Go through each line of the records below and count those with the word "silver"; give only the total.

Start of Block

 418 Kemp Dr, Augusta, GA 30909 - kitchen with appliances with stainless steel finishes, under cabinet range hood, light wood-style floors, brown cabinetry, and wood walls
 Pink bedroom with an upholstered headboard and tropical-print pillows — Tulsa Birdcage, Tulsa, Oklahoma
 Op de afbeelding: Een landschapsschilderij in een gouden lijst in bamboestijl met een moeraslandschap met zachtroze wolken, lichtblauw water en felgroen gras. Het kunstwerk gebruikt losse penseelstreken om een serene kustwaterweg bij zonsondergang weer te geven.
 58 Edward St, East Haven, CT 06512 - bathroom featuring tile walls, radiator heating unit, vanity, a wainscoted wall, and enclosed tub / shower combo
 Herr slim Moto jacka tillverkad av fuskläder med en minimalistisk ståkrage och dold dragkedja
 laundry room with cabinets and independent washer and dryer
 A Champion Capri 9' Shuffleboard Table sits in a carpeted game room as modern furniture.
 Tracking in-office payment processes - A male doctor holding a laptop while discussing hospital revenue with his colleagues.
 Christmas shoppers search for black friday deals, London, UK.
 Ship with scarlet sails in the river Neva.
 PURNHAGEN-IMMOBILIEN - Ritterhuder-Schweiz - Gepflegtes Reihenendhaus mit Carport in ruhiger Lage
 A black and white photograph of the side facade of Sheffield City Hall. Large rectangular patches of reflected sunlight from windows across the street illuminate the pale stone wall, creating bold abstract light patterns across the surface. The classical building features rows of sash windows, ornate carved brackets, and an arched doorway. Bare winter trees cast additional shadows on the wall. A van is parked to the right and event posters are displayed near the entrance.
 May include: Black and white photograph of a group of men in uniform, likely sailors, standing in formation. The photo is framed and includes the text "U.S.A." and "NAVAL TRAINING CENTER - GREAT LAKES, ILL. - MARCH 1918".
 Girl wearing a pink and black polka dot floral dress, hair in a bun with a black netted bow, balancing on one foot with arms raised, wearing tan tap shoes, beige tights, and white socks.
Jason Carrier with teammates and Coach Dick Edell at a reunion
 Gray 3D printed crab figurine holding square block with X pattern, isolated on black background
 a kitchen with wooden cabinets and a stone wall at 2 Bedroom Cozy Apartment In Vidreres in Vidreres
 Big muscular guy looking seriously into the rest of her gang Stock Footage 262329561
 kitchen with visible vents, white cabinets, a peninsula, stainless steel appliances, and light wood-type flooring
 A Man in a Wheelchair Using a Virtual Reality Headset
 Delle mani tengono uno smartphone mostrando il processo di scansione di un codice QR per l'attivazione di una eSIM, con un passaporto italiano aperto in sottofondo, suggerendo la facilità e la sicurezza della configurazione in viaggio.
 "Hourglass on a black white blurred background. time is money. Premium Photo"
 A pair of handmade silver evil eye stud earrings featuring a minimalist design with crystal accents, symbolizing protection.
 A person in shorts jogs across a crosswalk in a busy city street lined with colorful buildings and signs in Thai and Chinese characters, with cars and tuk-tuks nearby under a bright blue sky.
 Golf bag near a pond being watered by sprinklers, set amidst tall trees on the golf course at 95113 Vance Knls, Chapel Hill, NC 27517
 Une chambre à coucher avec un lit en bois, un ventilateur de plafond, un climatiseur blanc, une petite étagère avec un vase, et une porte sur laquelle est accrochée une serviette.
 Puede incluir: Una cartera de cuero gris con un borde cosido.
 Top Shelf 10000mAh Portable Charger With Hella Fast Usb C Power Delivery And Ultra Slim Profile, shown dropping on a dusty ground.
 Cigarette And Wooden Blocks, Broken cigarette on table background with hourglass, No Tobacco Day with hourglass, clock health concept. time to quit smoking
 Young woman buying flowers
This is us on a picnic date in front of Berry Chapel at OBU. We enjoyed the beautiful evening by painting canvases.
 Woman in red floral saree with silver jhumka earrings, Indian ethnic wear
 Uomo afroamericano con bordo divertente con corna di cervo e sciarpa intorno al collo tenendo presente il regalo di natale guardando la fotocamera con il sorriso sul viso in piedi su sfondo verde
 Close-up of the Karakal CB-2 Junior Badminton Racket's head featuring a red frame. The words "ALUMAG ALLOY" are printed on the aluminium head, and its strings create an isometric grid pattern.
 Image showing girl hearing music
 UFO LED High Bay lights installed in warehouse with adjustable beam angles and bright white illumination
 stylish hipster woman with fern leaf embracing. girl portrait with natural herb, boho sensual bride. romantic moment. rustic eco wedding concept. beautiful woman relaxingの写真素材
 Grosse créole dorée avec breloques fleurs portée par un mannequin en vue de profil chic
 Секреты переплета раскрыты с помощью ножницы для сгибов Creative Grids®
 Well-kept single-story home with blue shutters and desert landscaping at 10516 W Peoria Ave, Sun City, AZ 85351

End of Block

# Answer
2